American television journalist (1962–2022)

Robert John Hanrahan (April 11, 1962 – July 1, 2022) was an American television journalist who previously worked as a newscaster for WHP-TV, the CBS affiliate in Harrisburg, Pennsylvania. He announced his retirement on February 7, 2021, after a six-month recovery from a massive heart attack.

==Career==

Prior to joining WHP, he had spent time at WFOR-TV, a CBS owned-and-operated station in Miami, Florida, where he co-anchored newscasts alongside Maggie Rodriguez for four years.
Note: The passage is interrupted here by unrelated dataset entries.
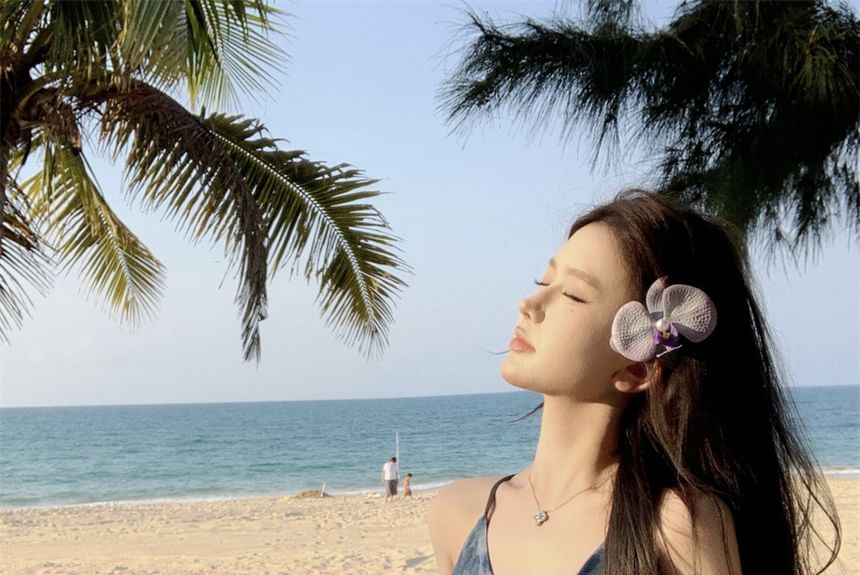 Print Dress Dye Tie Spaghetti A-Line V-Neck Strap Maxi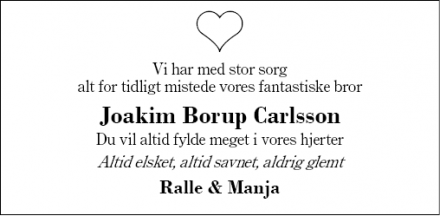 Dødsannoncen for Joakim Borup Carlsson - Herning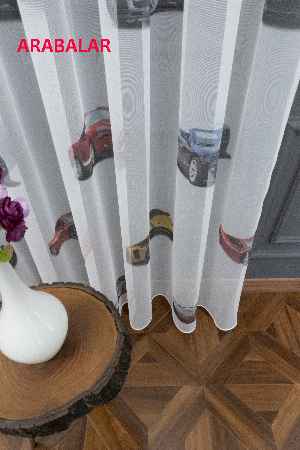 Çocuk Odası - Arabalar Desenli Modern Tül Perde - Elit Ürün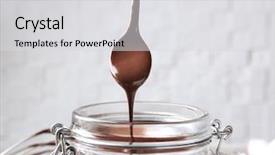  Presentation with sauce - Presentation design with jar with delicious chocolate sauce background and a light gray colored foreground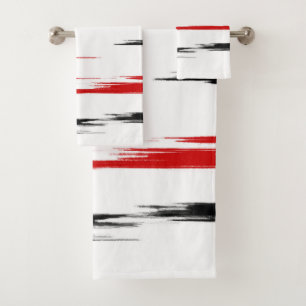 Abstracte streep met zwarte en rode streep bad handdoek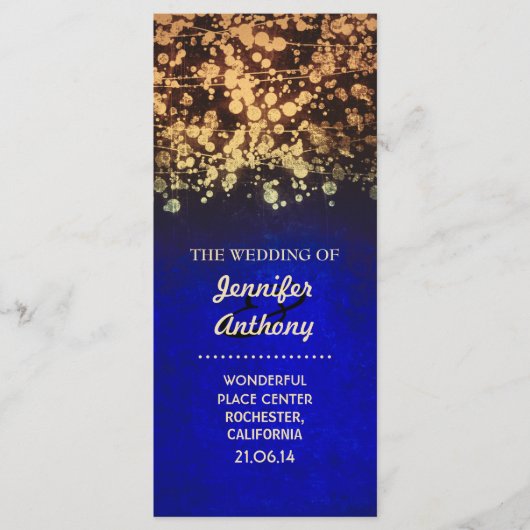 ヴィンテージ金ゴールドとブルーウェディングプログラム プログラム (正面)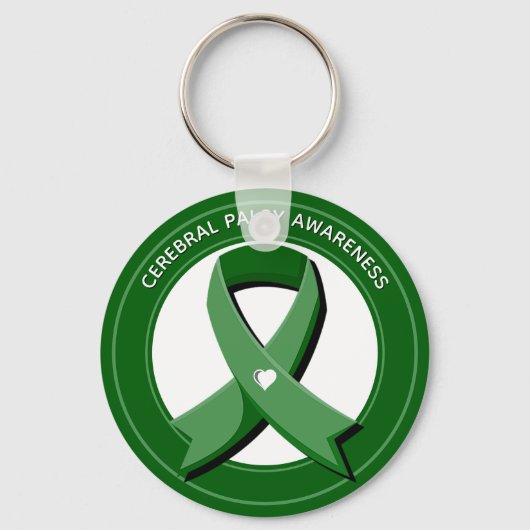 Green Awareness Ribbon White Heart キーホルダー (正面)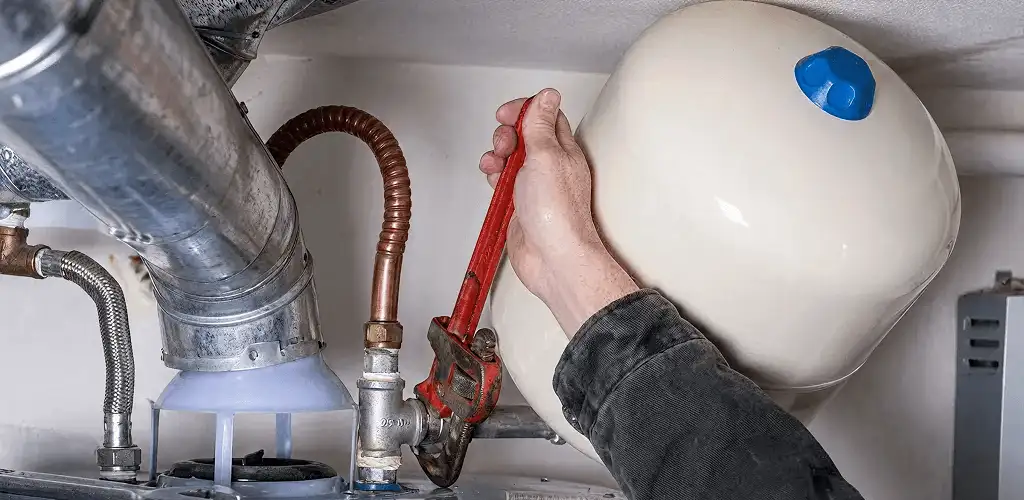 Water heater repair technician tightening plumbing connections near a tank unit in Oklahoma City, OK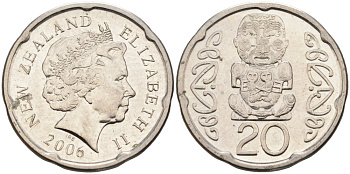 Новая Зеландия 20 центов 2006 Елизавета II (1952-2022), идол Пукаки KM 118а никелированная сталь 4579-1143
Between 1996 and 2003, Hanrahan was an anchor at WABC-TV in New York City. He joined the station as a co-anchor for its morning and midday Eyewitness News broadcast, where he worked alongside Nancy Loo. By the end of 1997, Hanrahan was promoted and replaced Greg Hurst as co-anchor on WABC's 5:00 pm newscast alongside Roz Abrams and stayed there for the next several years. During this time, he was part of a second overhaul of the morning newscast; he and Lori Stokes were named to replace Loo and David Ushery as morning anchors, although Hanrahan did not participate in the noon newscast this time. Toward the end of his time at WABC, the station was undergoing another shakeup in its lineups and he was replaced by Diana Williams on the early evening newscasts. Hanrahan moved to anchoring solely on weekends until his contract expired.

Hanrahan was at WSVN-TV in Miami before joining WABC.
Before Miami, he worked at Harrisburg's WHTM-TV, and started his news career at KODE-TV in Joplin, Missouri.

==Personal life and death==
He was married to his wife Stacey. Hanrahan died on July 1, 2022, at the age of 60.

His wife is a licensed mariner who holds a United States Coast Guard fifty-ton Master/Mate (captain's) License.